WHAT THIS TASK INVOLVES –
Without the pictures, give the entries below again exactly as written.

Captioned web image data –
Start of Block
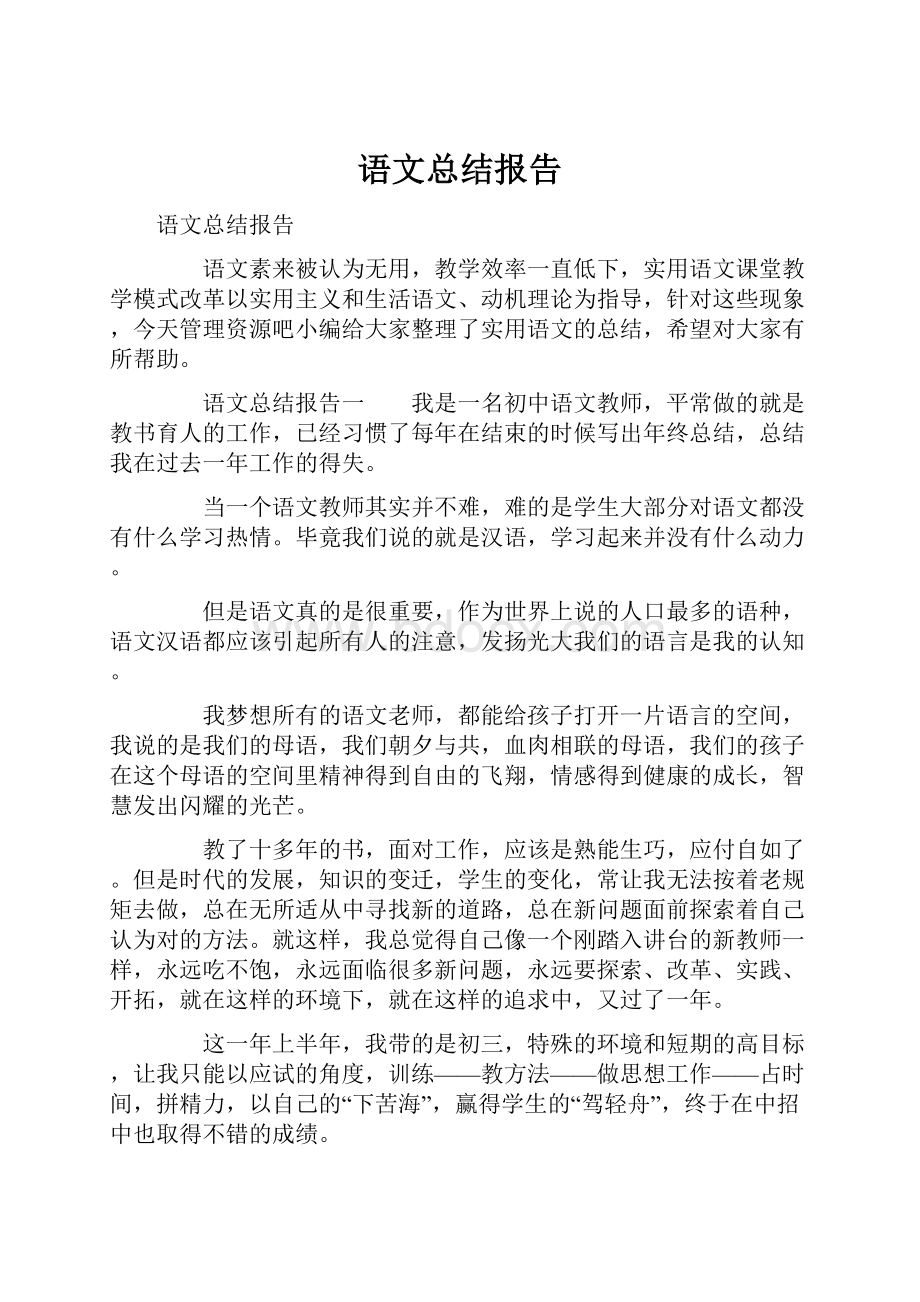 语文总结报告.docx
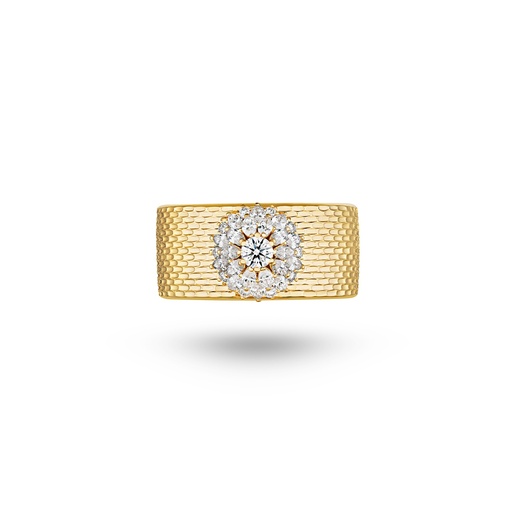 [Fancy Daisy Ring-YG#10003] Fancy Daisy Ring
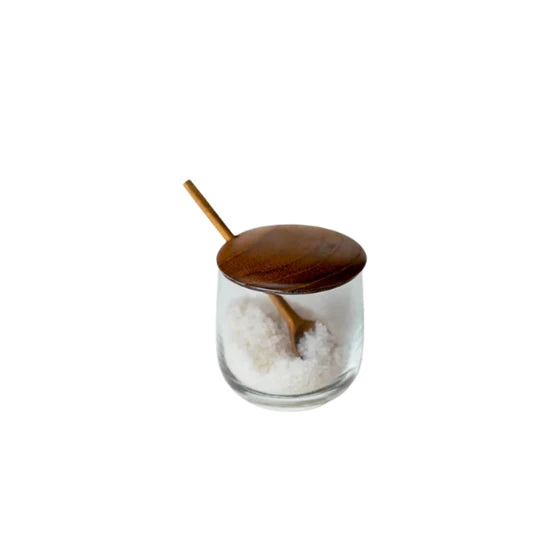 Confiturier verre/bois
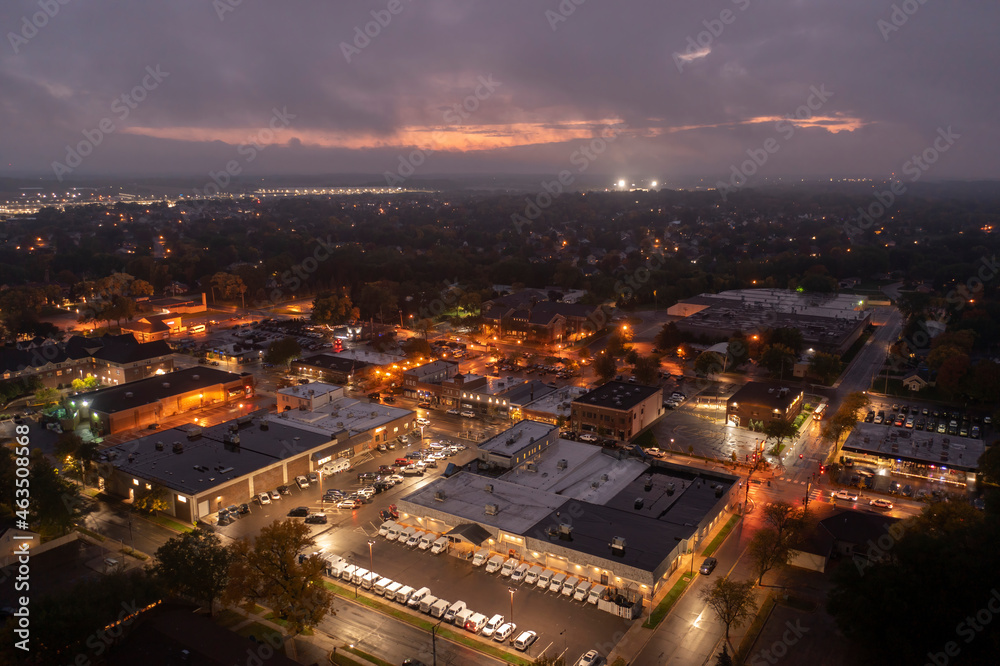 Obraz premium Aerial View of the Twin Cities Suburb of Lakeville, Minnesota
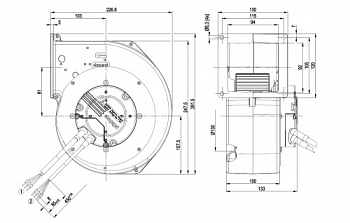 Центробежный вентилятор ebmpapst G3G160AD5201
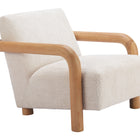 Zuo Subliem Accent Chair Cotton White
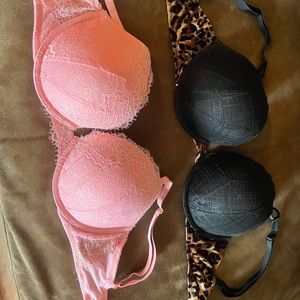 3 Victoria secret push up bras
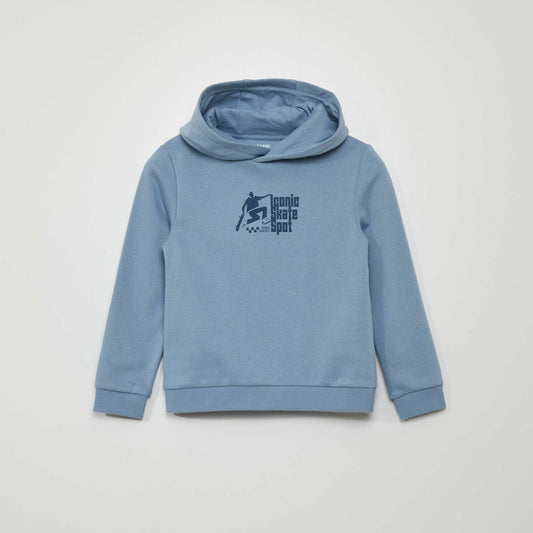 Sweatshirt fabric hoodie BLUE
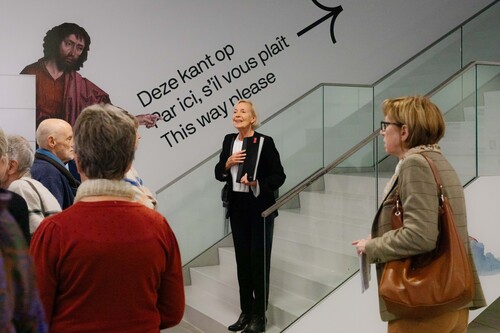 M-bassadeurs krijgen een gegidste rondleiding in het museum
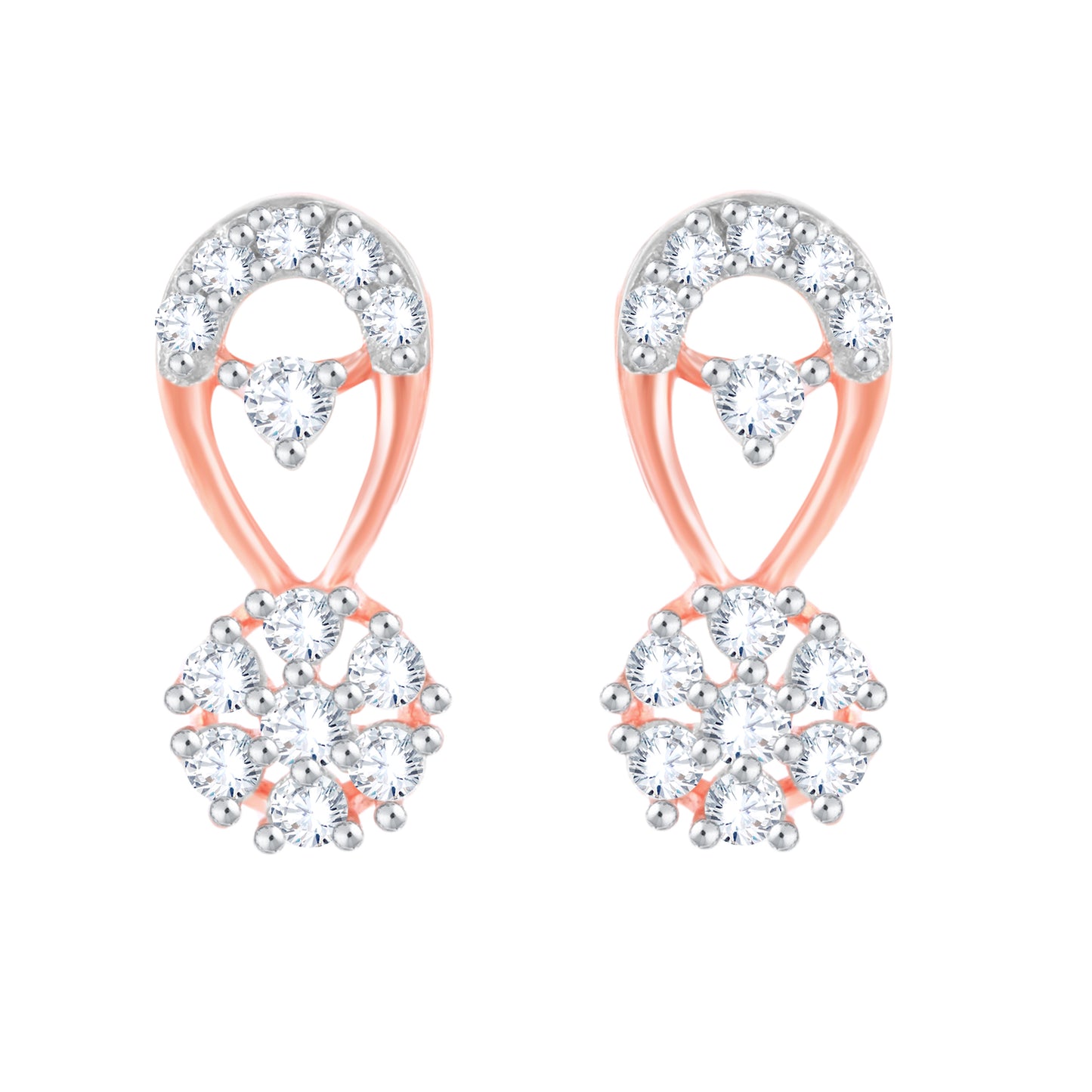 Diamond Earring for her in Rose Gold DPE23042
End of Block
EXPECTED OUTPUT –
 语文总结报告.docx
 [Fancy Daisy Ring-YG#10003] Fancy Daisy Ring
 Confiturier verre/bois
 Obraz premium Aerial View of the Twin Cities Suburb of Lakeville, Minnesota
 Центробежный вентилятор ebmpapst G3G160AD5201
 Zuo Subliem Accent Chair Cotton White
 3 Victoria secret push up bras
 Sweatshirt fabric hoodie BLUE
 M-bassadeurs krijgen een gegidste rondleiding in het museum
 Diamond Earring for her in Rose Gold DPE23042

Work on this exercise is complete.